##  GRU

### Load data

In [20]:
import numpy as np
import tensorflow as tf
from tensorflow import keras
import pandas as pd

np.random.seed(1)
tf.random.set_seed(1)

In [21]:
X_test = pd.read_csv('data/bb_test_X.csv')
y_test = pd.read_csv('data/bb_test_y.csv')
X_train = pd.read_csv('data/bb_train_X.csv')
y_train = pd.read_csv('data/bb_train_y.csv')

## Data Transformation

In [22]:
#Target variables need to be an array with integer type
y_train = np.array(y_train)
y_test = np.array(y_test)

y_train = y_train.astype(np.int32)
y_test = y_test.astype(np.int32)

In [23]:
#Check the first 10 values of the train_y data set
y_train[0:10]

array([[0],
       [1],
       [1],
       [1],
       [1],
       [1],
       [0],
       [0],
       [0],
       [0]])

In [24]:
#Convert input variables to a 2-D array with float data type
X_train = np.array(X_train)
X_test = np.array(X_test)

X_train = X_train.astype(np.float32)
X_test = X_test.astype(np.float32)

In [25]:
X_train

array([[ -3.,  -3.,  -2., ...,  -5.,  -3.,  -7.],
       [  0.,   1.,  -1., ...,  10.,  12.,  15.],
       [ -3.,  -2.,  -2., ...,  14.,  12.,  12.],
       ...,
       [  2.,   6.,   8., ...,  -2.,   1.,   0.],
       [ -2.,   1.,  -1., ..., -19., -21., -14.],
       [  2.,   1.,   3., ...,   0.,   2.,   4.]], dtype=float32)

In [26]:
#Keras expects a different input format:
#Data needs to have 3 dimensions

X_train = np.reshape(X_train, (X_train.shape[0], X_train.shape[1], 1))
X_test = np.reshape(X_test, (X_test.shape[0], X_test.shape[1], 1))

In [27]:
X_train.shape, y_train.shape

((861, 36, 1), (861, 1))

In [28]:
X_train

array([[[ -3.],
        [ -3.],
        [ -2.],
        ...,
        [ -5.],
        [ -3.],
        [ -7.]],

       [[  0.],
        [  1.],
        [ -1.],
        ...,
        [ 10.],
        [ 12.],
        [ 15.]],

       [[ -3.],
        [ -2.],
        [ -2.],
        ...,
        [ 14.],
        [ 12.],
        [ 12.]],

       ...,

       [[  2.],
        [  6.],
        [  8.],
        ...,
        [ -2.],
        [  1.],
        [  0.]],

       [[ -2.],
        [  1.],
        [ -1.],
        ...,
        [-19.],
        [-21.],
        [-14.]],

       [[  2.],
        [  1.],
        [  3.],
        ...,
        [  0.],
        [  2.],
        [  4.]]], dtype=float32)

# Conv1D with one layer

In [29]:
n_steps = 36
n_inputs = 1

model = keras.models.Sequential([
    keras.layers.Conv1D(filters=10, kernel_size=3, strides=2, padding="valid", input_shape=[n_steps, n_inputs]),
    keras.layers.Dense(1, activation='sigmoid')
])

In [30]:
from tensorflow.keras.callbacks import EarlyStopping

early_stop = EarlyStopping(monitor='val_loss', patience=5, verbose=1, mode='auto')

np.random.seed(42)
tf.random.set_seed(42)

optimizer = keras.optimizers.Nadam(learning_rate=0.01)
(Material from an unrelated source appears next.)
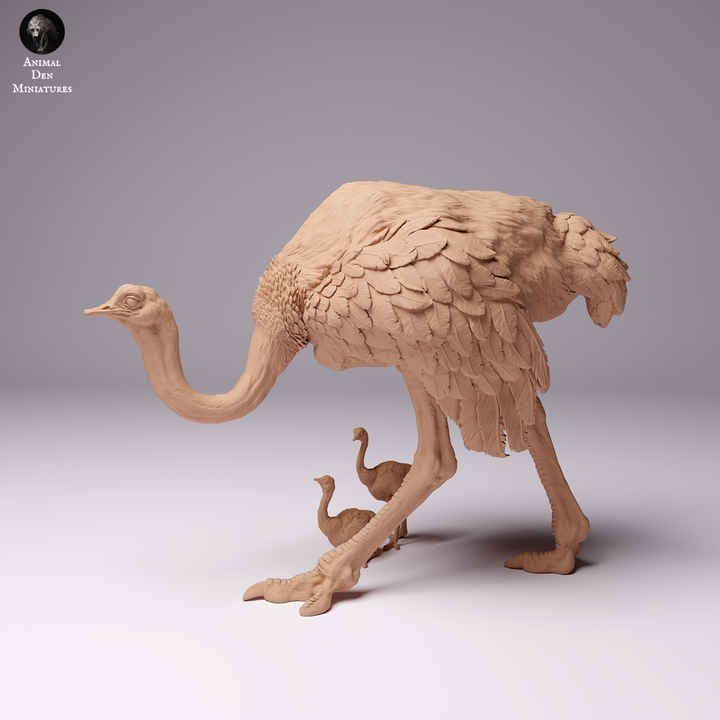 North African Ostrich Female with Chicks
model.compile(loss="binary_crossentropy", optimizer=optimizer, metrics=['accuracy'])

history = model.fit(
    X_train, 
    y_train, 
    epochs=20,
    validation_data=(X_test, y_test),
    callbacks=[early_stop]) # we defined this early_stop callback function earlier

Epoch 1/20
Epoch 2/20
Epoch 3/20
Epoch 4/20
Epoch 5/20
Epoch 6/20
Epoch 7/20
Epoch 8/20
Epoch 9/20
Epoch 10/20
Epoch 11/20
Epoch 11: early stopping


In [31]:
# evaluate the model

scores = model.evaluate(X_test, y_test, verbose=0)
scores

# In results, first is loss, second is accuracy

[0.5619614720344543, 0.7003028988838196]

In [32]:
# extract the accuracy from model.evaluate
print(f"{model.metrics_names[0]:s}: {scores[0]:.2f}")
print(f"{model.metrics_names[1]:s}: {scores[1]*100:.2f}")

loss: 0.56
accuracy: 70.03


# Conv1D with more layers

In [33]:
n_steps = 36
n_inputs = 1

model = keras.models.Sequential([
    keras.layers.Conv1D(filters=10, kernel_size=3, strides=2, padding="valid", input_shape=[n_steps, n_inputs]),
    keras.layers.Conv1D(filters=20, kernel_size=3, strides=1, padding="valid", dilation_rate=2),
    keras.layers.LSTM(32, return_sequences=True),
    keras.layers.LSTM(32),
    keras.layers.Dense(1, activation='sigmoid')
])

In [34]:
np.random.seed(42)
tf.random.set_seed(42)

optimizer = keras.optimizers.Nadam(learning_rate=0.01)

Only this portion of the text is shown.